A gateway that lives inside your application, not beside it.
Most AI gateways are designed as standalone services — you point your app at them and they proxy your requests. That works until you need something the gateway does not support out of the box. At that point, you are either forking it, working around it, or giving up on the customization entirely.
Hebo Gateway takes a different approach, closer to how better-auth thinks about authentication: a library you embed in your application, not a platform you integrate with. It mounts directly into your existing server (Elysia, Hono, Next.js, ...), or any framework with a standard fetch handler. No new process to run, no separate infrastructure to manage.
Extensible by design, not by exception.
Because the gateway runs inside your application, you have full access to the request lifecycle through a hooks system. You can add custom authentication, enforce rate limits against your own database, implement dynamic model routing based on user tier, inject observability into every call, or transform requests and responses — all without touching the gateway core code.
This is intentionally different from plugin systems bolted on after the fact. The hooks are first-class — they are how you are expected to customize behavior, so they are stable, well-defined, and composable.
Provider differences are still real — we absorb them.

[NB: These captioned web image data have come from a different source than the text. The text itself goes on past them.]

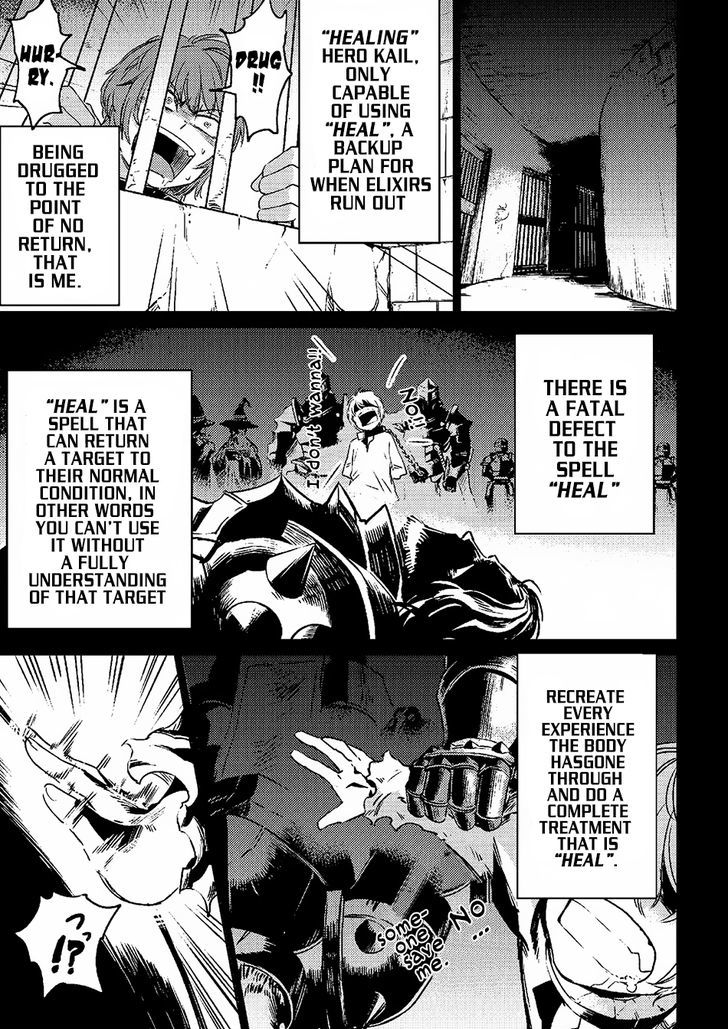 Kaifuku Jutsushi no Yarinaoshi Chapter 1.1 Page 18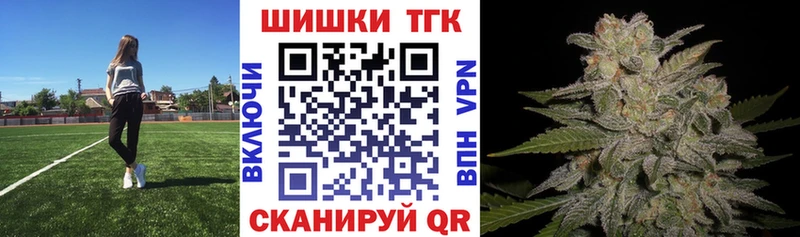 Купить наркотики сайты Избербаш Канабис LSD-25 ГАШИШ Меф Cocaine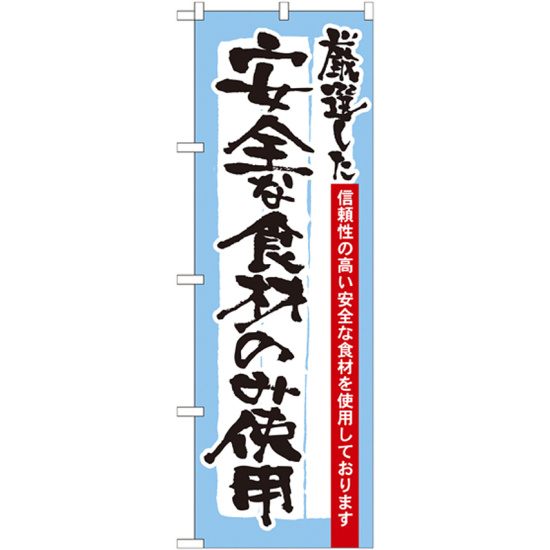 のぼり旗 表記:安全な食材のみ使用 (21359)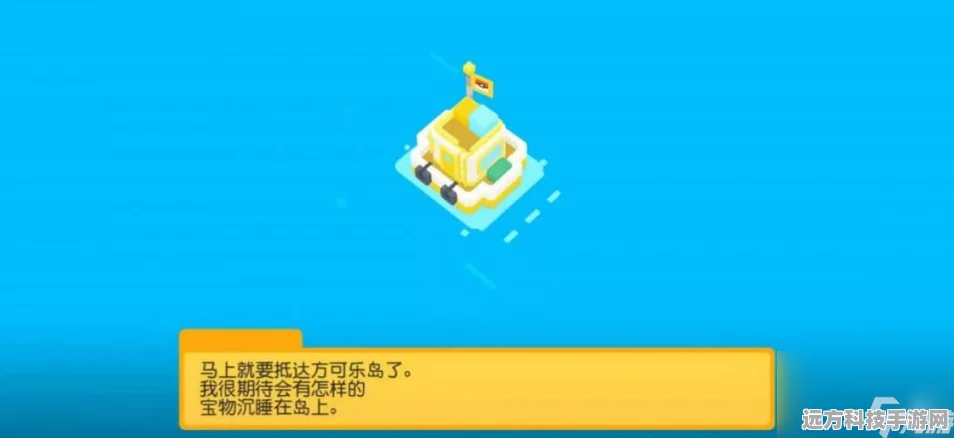 宝可梦大探险，解锁招式石的奥秘与获取攻略
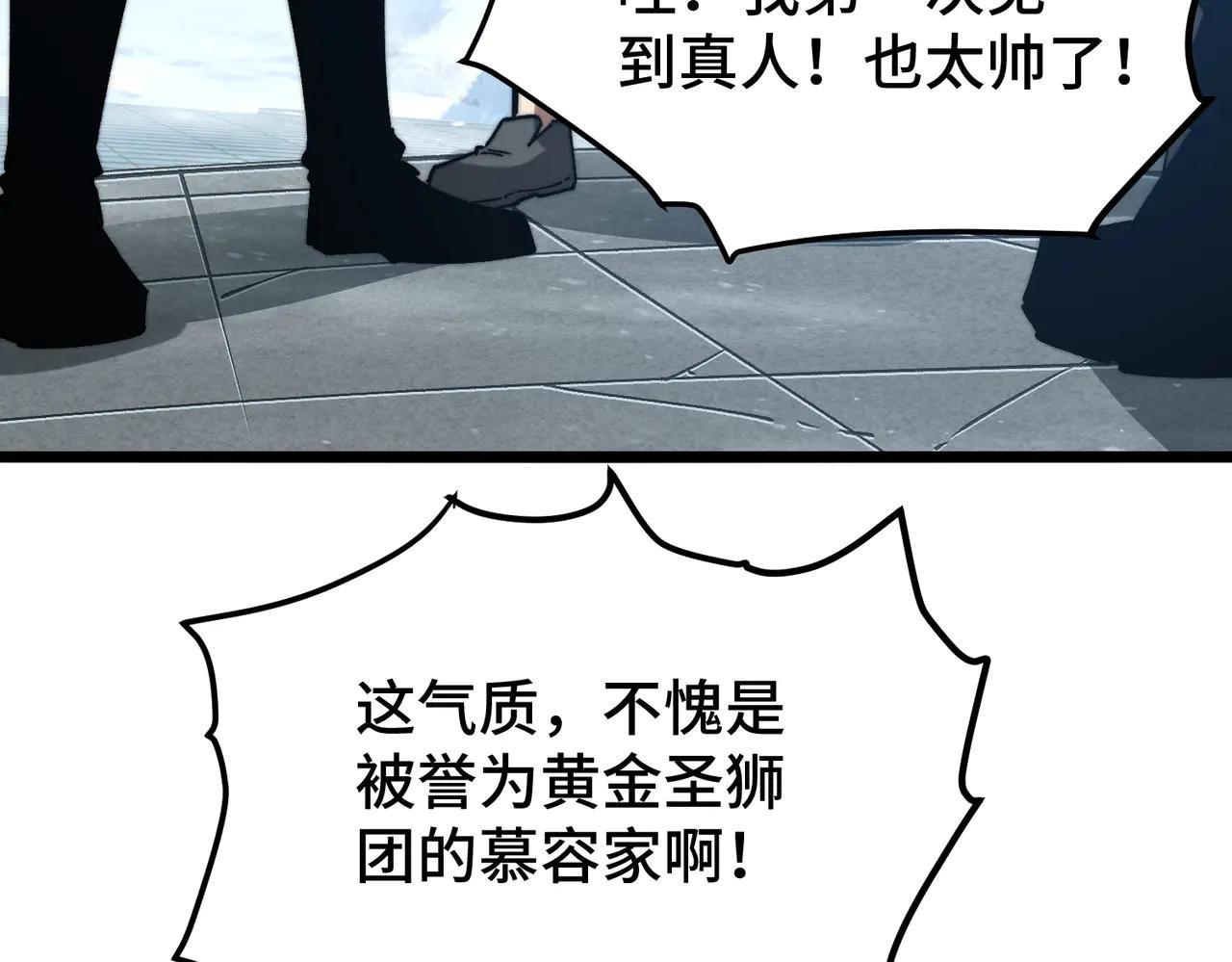 第15话 同意慕容家族邀请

Underneath the embeddability story, the normalization work is still there. Temperature ranges do not line up across providers. Reasoning effort is expressed in tokens for some models, as low / medium / high for others. Tool calling may require thought signatures, hidden flags, or model-specific syntax. Hebo normalizes these rough edges so a single OpenAI-compatible endpoint behaves consistently across models — and stays compatible with Vercel AI SDK, LangChain, and any other SDK that speaks the OpenAI interface.
You can start with our managed providers and free tiers, then progressively bring your own credentials from Groq, AWS, GCP, or others. All without changing how your application talks to models.